[Given data]

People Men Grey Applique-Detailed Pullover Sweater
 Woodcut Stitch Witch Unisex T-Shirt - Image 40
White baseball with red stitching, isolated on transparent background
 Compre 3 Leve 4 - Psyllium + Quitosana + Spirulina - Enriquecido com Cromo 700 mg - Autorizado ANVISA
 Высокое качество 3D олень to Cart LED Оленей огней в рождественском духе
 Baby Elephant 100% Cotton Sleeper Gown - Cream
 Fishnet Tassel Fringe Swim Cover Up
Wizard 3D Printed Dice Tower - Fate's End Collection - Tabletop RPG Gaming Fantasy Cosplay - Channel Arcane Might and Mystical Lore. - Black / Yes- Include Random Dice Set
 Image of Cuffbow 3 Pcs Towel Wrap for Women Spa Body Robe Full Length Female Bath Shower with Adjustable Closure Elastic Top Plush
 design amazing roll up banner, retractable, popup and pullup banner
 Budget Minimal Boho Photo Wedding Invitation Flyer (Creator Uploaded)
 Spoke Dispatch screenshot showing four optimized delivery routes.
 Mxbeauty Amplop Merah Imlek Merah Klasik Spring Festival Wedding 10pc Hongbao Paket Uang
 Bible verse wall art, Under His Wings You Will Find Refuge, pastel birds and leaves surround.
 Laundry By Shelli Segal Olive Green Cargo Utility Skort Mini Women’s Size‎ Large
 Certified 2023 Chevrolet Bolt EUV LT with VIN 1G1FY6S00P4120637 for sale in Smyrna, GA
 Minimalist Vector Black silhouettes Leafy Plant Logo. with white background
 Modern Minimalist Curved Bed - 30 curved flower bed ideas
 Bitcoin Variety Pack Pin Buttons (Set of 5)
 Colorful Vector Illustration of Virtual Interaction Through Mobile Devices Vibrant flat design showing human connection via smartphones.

[/Given data]

* **Instructions to follow**
Nothing but a number should be given: the count of lines in the records that contain the word "showing".

* **Answer below**
2